Carr's research led him to a number of studies that have shown the nature of the Internet is rewiring how our brains work; not only that, but it does so quickly. A study in Boston compared brain scans between veteran Internet users and relative novices. A certain area of the brain of the veteran users lit up while reading web sites, while the novices' did not. Both groups were then sent away for five days with the assignment to use the Internet for one hour a day. After the five days were over, the test subjects' brains were scanned again and the novices' brains lit up in the same areas as the veteran users. Even as little as five hours of Internet use rewires your brain.

Is this a good thing or a bad thing? The answer isn't black and white. Another study shows video gamers can identify more things in their field of vision than non-gamers. Internet usage appears to optimize the multi-tasking parts of our brains, allowing us to move more quickly from item to item. It may even boost our working memory. But, as any good software engineer knows, optimization in one area can slow down another. The process of moving things from our working memory to long-term memory is hindered by Internet use. So while we may be getting what we need quicker, we don't retain it, and our ability to think deeply and create unique insights is becoming weaker.

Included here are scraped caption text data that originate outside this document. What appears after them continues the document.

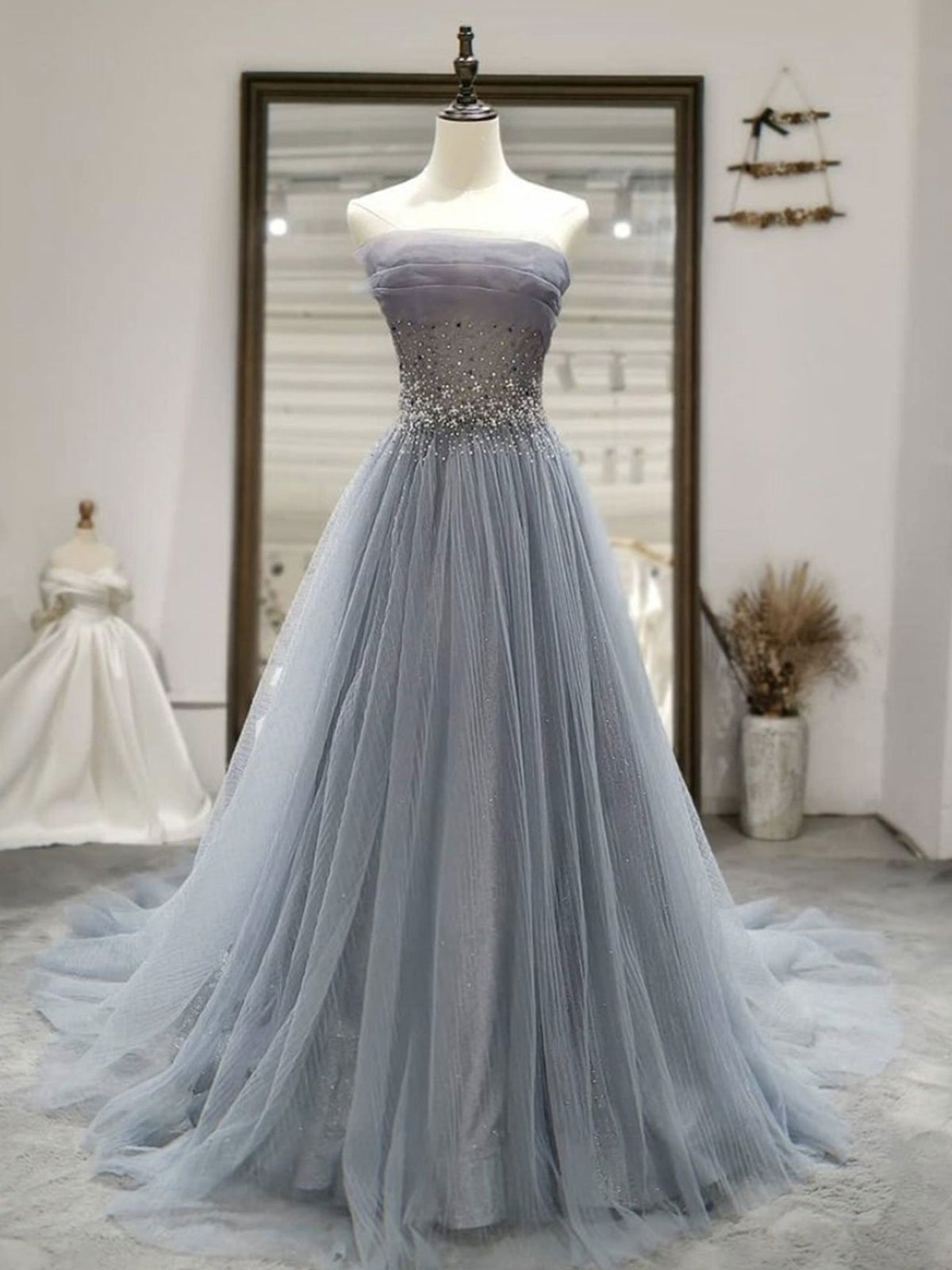 Strapless Gray Tulle Long Corset Prom Dresses, Strapless Gray Long Corset Formal Evening Dresses outfit, Formal Dress Outfits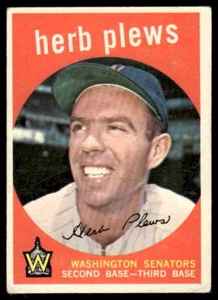 1959 Topps #373 Herb Plews grau/dunklere Rückseite sehr guter Zustand/ex - Bild 1 von 2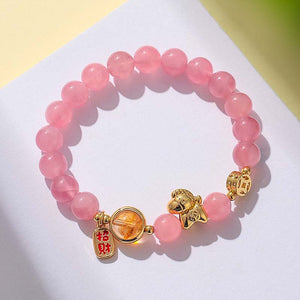 Natural Rose Quartz Horse Beaded Peace and Tranquility Bracelet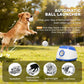 Blue and white automatic dog ball launcher with ball in front of jumping dog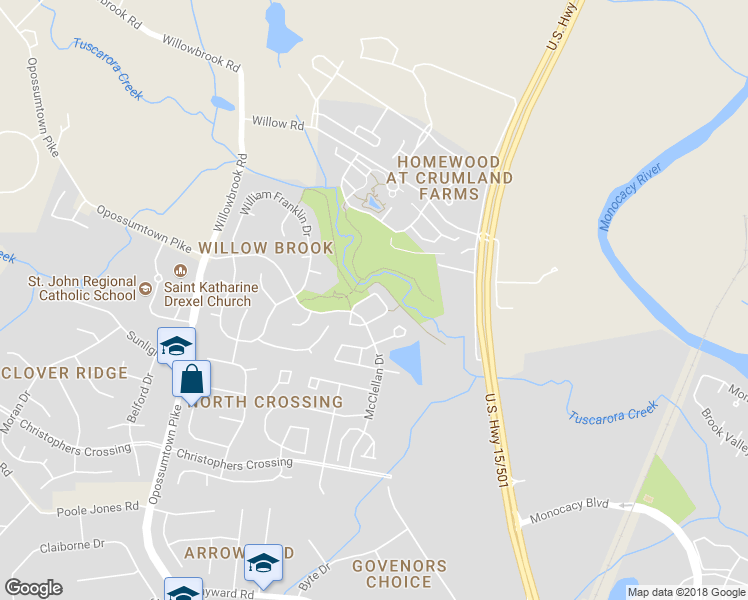 map of restaurants, bars, coffee shops, grocery stores, and more near 2022 Sumner Drive in Frederick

The book is fascinating, but I have a few quibbles with it. For most of the first third of the book, Carr goes into the history of different media:  from when we first developed written language, to the telephone and radio, to motion pictures, and, finally, to the Internet.  The long digression provides good background to put the Internet into context with what came before it, but my Internet-addled brain had a hard time staying engaged. There is also a long digression toward the end about the history and culture of Google that I failed to find relevant.

The takeway for this book is the Internet is changing how our brains work and we should be aware of that. Taking time to occasionally unplug is good both for our emotional and mental health and will help us retain the ability to think deeply about problems and find creative solutions.